Kashmiris spend Eid-ul-Azha amid lockdown and communication blackout
Muslims in Indian-administered Kashmir spent the religious holiday of Eid al-Adha in a security lockdown, unable to call their friends and relatives as an unprecedented communications block remained in place, The Guardian reported.

Source: The Guardian

Reportedly, the Muslims in Kashmir are unable to offer Eid prayers or sacrifice animals as there is deployment of military and security forces in every street and corner.

Almost all areas of the city were almost entirely deserted on what is usually one of the biggest celebrations of the year.

Blocks on landlines, mobile phones, the internet and cable TV, introduced last Monday, continued.

Last week 10,000 people reportedly took to the streets of Srinagar to protest against India’s decision to revoke Kashmir’s special status.

Reportedly, government forces opened fire and used teargas to dismiss protestors; however, Indian ministry of home affairs denied that any protests of more than 20 people took place despite the TV footage appeared to show very large crowds chanting: “Go back, go, India, go.”

As per The Guardian’s correspondents in Kashmir three people sustained injuries from pellet guns but they were unable to confirm the total number of people wounded as hospitals have apparently been warned not to disclose patient numbers.

India’s foreign ministry shared photographs of people visiting mosques but did not specify where the photographs were taken, reported The Guardian.

The communication blackout means there is very little independent information about what is happening in Kashmir, where tens of thousands of reinforcement troops have flooded the streets.

Cuts to phone and internet services have forced people to resort to passing paper notes to friends in order to contact relatives.
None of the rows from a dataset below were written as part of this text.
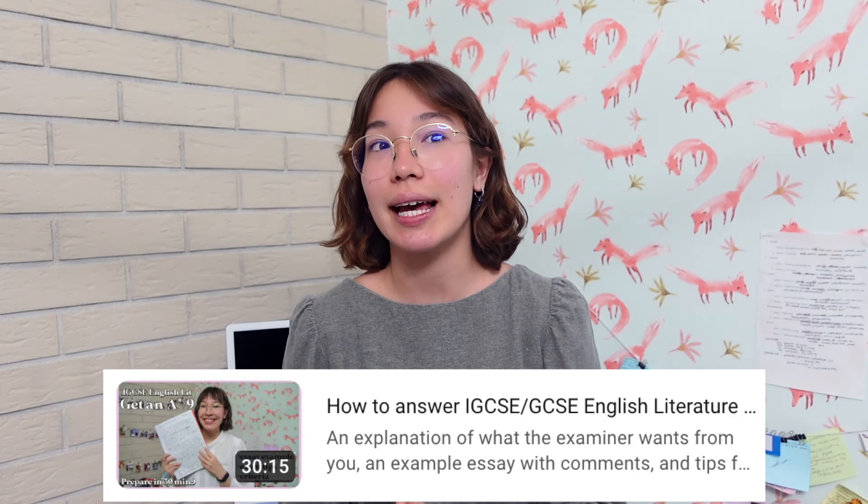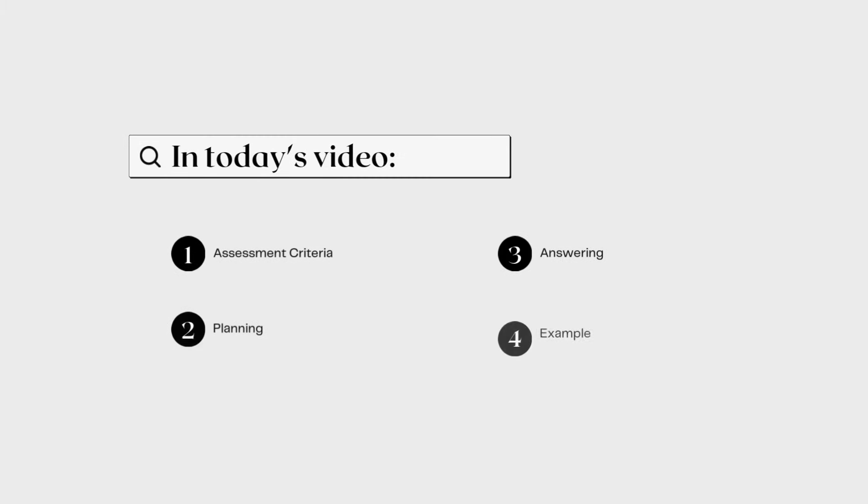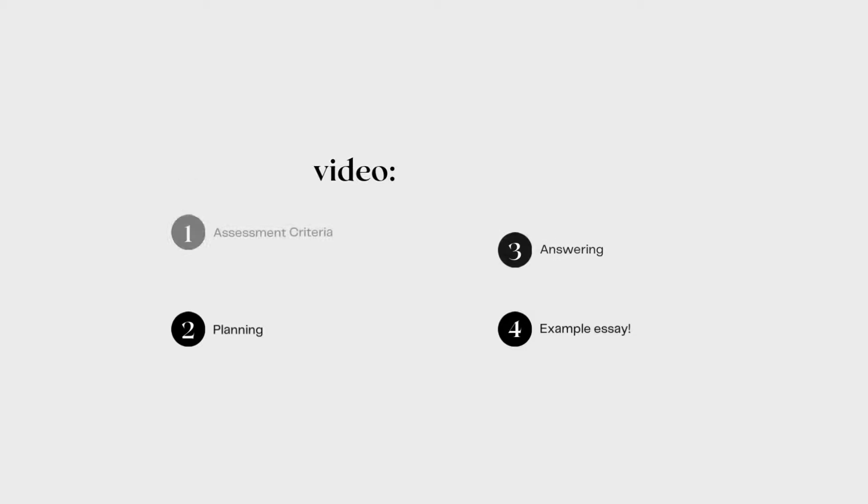Hi everyone and welcome or welcome back to Painless Pages. Today's video is one of the most requested videos on this channel — it's how to answer English literature A-level questions. I've already done a video on answering GCSE questions with an example of poetry, so today in my A-level video I want to focus on prose. This video is split into three main sections: assessment objectives, preparation, and actually writing the response.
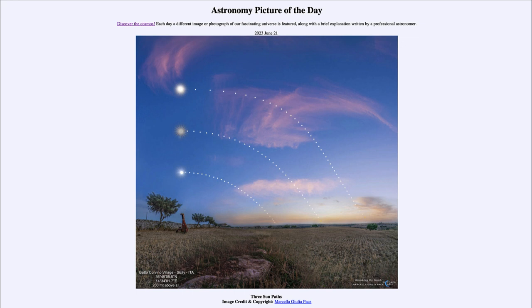So that was our picture of the day for June 21st of 2023, titled 'Three Sun Paths.' We'll be back again tomorrow for the next picture. Until then, have a great day everyone, and I will see you in class.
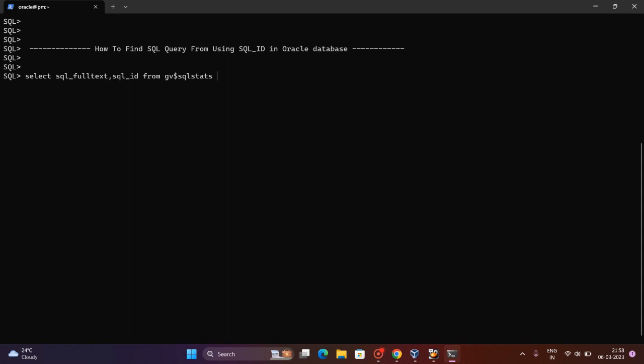If you are having an SQL ID, you can mention it in the variable. SQL_ID equals, you can mention your SQL ID and you will get prompted for the SQL ID. Then you can mention the SQL ID and the result will be shown on the screen.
It took three days for one note, sent by a woman working in Delhi, to be hand-delivered to her father in Kashmir. “I am fine, do not worry about me. You take care of yourself,” the note said.

Inside the small room where calls were taking place, a young girl could be heard telling her father, who was in Hyderabad: “I don’t want any gifts, just please come back.” As her mother started to cry, so did others in the queue outside. A police officer told her to stop weeping, and said there were CCTV cameras operating.

The curfew has resulted in shortage of essential commodities including food and medicine in the valley. On the other hand, there is a complete communication blackout with no internet or mobile service.

According to Kashmir media service, the government of India holds ban on Eid gatherings in Kashmir today and almost all political leadership including Syed Ali Gilani and Mirwaiz Umar Farooq are under house arrest.